Sağlıklı bir beslenmede insanın elde ettiği tüm enerjinin %10-20’sinin proteinden karşılanması lazımdır. Bu yüzden veganlar beslenmelerinde aldıkları protein miktarlarına azami dikkat etmelilerdir. Planlı bir şekilde ayarlamazlarsa protein eksikliği görmeleri kaçınılmaz olacaktır.
Diğer bir husus ise alınan demir, kalsiyum, çinko, iyot, fosfor miktarıdır hayvansal besinlerde çokça bulunan bu maddeler yetersiz alındığında farklı sağlık problemlerine sebep olmaktadır ve vücut direncini azaltırken aynı zamanda hastalıklara yakalanma olasılığını artırıp hastalıkların seyrini ağırlaştırmaktadır.
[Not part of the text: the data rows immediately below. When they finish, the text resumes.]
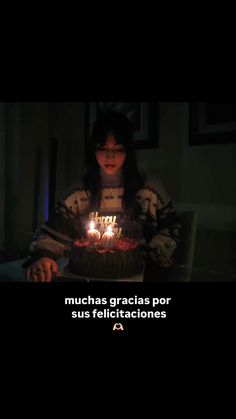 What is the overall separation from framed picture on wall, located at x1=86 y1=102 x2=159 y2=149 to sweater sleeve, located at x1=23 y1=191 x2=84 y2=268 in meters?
0.23

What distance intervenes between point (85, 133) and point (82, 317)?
0.57 meters

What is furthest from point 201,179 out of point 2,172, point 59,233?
point 2,172

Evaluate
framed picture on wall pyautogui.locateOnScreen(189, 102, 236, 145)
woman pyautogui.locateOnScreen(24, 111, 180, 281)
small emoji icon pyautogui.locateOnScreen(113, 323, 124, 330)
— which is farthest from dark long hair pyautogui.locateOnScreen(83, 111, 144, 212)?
small emoji icon pyautogui.locateOnScreen(113, 323, 124, 330)

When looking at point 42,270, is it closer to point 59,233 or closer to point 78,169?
point 59,233

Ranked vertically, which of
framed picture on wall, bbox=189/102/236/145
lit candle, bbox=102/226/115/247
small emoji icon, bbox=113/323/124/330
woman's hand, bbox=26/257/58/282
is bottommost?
small emoji icon, bbox=113/323/124/330

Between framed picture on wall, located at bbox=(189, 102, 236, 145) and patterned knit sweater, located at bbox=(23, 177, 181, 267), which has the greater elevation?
framed picture on wall, located at bbox=(189, 102, 236, 145)

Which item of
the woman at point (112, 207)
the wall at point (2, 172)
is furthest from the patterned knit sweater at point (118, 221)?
the wall at point (2, 172)

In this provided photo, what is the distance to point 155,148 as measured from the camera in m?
1.21

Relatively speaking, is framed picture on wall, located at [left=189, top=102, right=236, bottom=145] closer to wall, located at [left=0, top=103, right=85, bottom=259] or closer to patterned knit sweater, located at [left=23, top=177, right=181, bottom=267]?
patterned knit sweater, located at [left=23, top=177, right=181, bottom=267]

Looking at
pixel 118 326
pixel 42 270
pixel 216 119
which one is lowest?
pixel 118 326

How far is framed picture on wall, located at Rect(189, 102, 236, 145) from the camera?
118cm

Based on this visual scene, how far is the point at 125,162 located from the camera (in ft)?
3.97

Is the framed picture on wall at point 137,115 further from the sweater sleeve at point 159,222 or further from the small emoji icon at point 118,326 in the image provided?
the small emoji icon at point 118,326

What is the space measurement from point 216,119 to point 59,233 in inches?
23.5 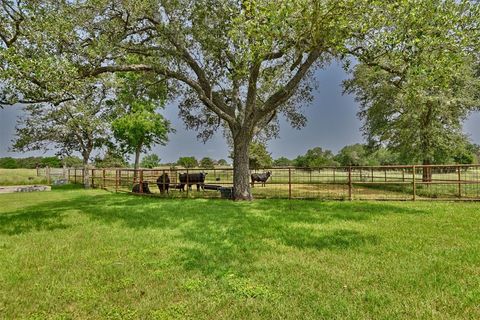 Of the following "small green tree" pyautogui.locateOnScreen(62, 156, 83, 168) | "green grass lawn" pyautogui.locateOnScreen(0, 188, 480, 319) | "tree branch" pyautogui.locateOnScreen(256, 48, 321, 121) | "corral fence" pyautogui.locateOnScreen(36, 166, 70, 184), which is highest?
"tree branch" pyautogui.locateOnScreen(256, 48, 321, 121)

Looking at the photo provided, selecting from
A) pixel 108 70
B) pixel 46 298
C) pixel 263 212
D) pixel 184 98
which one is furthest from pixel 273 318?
pixel 184 98

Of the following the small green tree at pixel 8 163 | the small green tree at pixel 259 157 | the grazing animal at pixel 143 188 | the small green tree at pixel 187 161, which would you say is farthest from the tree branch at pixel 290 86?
the small green tree at pixel 8 163

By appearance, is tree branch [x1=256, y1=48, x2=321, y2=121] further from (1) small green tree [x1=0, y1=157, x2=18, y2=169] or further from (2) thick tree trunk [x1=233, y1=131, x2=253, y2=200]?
(1) small green tree [x1=0, y1=157, x2=18, y2=169]

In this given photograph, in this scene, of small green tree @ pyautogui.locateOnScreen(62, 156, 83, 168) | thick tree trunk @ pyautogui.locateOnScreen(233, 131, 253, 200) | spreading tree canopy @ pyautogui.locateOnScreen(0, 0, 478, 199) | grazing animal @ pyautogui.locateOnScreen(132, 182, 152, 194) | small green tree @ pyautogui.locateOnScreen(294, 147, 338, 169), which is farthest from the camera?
small green tree @ pyautogui.locateOnScreen(294, 147, 338, 169)

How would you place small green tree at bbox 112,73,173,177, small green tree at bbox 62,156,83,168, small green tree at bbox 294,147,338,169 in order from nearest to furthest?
1. small green tree at bbox 112,73,173,177
2. small green tree at bbox 62,156,83,168
3. small green tree at bbox 294,147,338,169

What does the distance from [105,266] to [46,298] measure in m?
0.99

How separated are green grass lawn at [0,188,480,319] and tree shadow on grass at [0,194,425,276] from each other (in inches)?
1.4

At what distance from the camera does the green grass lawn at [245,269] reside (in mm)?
3055

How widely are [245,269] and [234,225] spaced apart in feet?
9.98

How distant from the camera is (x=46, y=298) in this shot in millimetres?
3396

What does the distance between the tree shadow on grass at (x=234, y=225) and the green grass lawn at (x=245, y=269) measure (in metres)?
0.03

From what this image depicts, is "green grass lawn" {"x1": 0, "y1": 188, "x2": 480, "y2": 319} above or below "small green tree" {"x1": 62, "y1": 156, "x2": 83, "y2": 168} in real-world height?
below

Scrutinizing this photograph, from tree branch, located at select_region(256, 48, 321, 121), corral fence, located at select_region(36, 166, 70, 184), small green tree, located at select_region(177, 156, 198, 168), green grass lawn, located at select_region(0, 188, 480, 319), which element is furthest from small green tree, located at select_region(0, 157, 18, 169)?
green grass lawn, located at select_region(0, 188, 480, 319)

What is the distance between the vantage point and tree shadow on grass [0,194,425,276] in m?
4.86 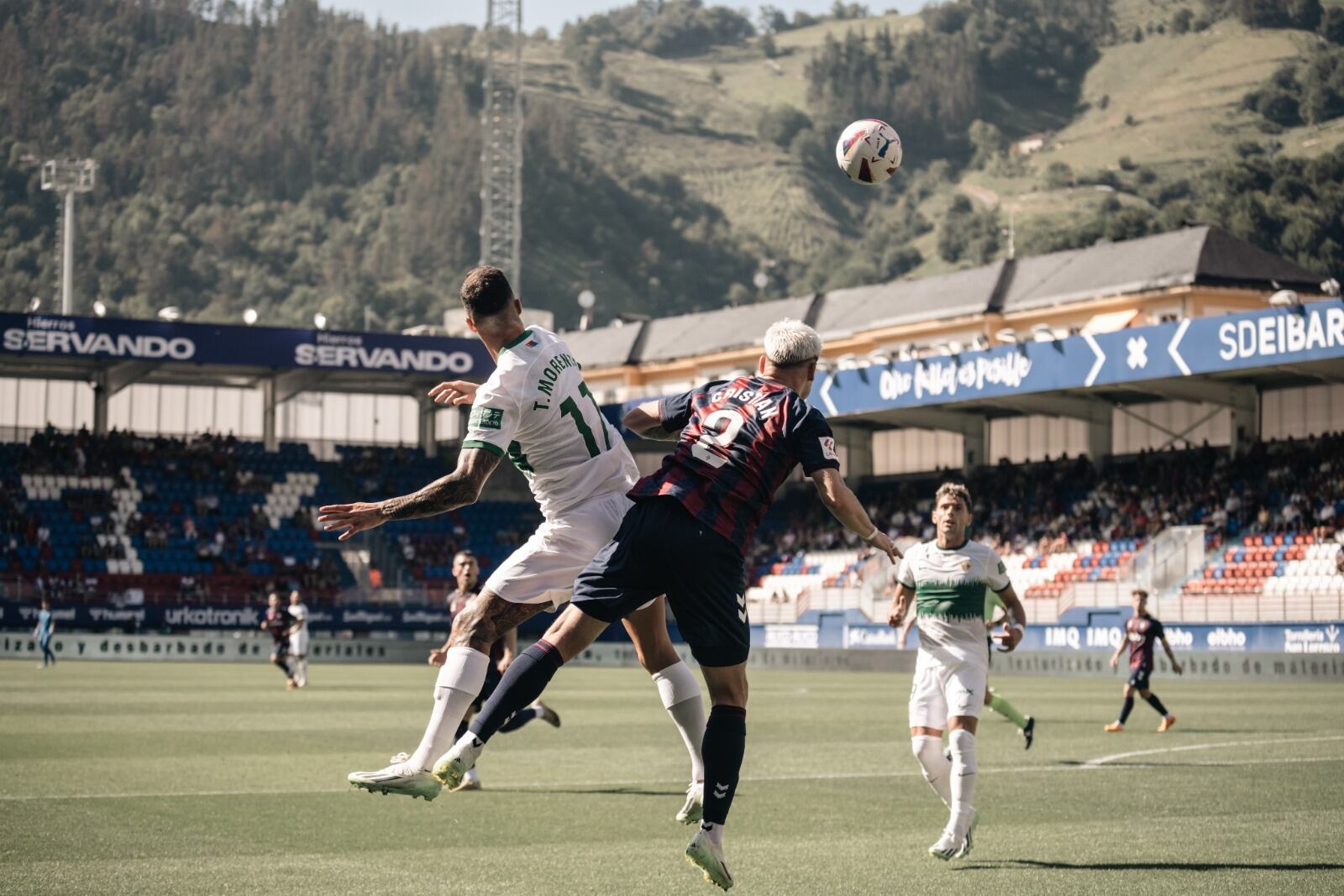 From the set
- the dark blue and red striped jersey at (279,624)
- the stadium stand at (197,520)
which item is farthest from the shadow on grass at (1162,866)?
the stadium stand at (197,520)

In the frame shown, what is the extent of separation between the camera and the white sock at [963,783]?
35.9 feet

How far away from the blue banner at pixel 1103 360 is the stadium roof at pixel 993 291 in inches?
467

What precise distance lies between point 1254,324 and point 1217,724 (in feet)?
69.7

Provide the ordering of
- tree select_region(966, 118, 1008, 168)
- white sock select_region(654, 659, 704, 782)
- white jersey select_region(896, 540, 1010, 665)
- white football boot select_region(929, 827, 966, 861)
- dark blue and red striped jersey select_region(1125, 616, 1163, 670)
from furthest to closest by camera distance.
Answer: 1. tree select_region(966, 118, 1008, 168)
2. dark blue and red striped jersey select_region(1125, 616, 1163, 670)
3. white jersey select_region(896, 540, 1010, 665)
4. white football boot select_region(929, 827, 966, 861)
5. white sock select_region(654, 659, 704, 782)

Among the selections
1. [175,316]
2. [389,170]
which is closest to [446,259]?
[389,170]

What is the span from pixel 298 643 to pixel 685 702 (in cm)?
2439

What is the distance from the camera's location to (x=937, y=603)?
12.2 meters

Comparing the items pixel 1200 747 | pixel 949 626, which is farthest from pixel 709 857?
pixel 1200 747

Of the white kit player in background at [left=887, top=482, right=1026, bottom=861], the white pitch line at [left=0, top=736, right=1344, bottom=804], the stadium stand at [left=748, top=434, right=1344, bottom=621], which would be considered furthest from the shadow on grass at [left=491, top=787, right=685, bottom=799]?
the stadium stand at [left=748, top=434, right=1344, bottom=621]

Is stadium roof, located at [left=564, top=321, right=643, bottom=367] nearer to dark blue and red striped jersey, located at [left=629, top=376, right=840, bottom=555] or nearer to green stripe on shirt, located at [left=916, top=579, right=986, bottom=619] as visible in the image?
green stripe on shirt, located at [left=916, top=579, right=986, bottom=619]

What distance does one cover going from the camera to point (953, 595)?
12203mm

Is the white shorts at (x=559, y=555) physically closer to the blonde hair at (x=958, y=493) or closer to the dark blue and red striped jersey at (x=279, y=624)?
the blonde hair at (x=958, y=493)

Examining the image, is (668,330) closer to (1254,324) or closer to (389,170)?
(1254,324)

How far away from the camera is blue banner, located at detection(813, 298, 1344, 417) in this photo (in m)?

Bu sebeple vegan beslenenlerin yani bu yaşam stilini benimseyenlerin planlı , dengeli ve düzenli bir beslenme stilini benimsemeleri gerekmektedir. Bu şekilde sağlıklarını korumalarında engel ve sakınca yoktur. Yapılan araştırmalarda vegan/vejetaryan beslenenlerin sayısının 600 milyondan fazla olduğu belirtilmiştir. Ve bu sayı gerek psikolojik ve ekonomik gerek dini gerekçeler gerek de istek ve ihtiyaçlardan dolayı artmaya devam etmektedir. Bizlere düşende bu stili benimseyen insanları ötekileştirmemek , soyutlamamak ve yaşam tarzlarına saygı duymaktır.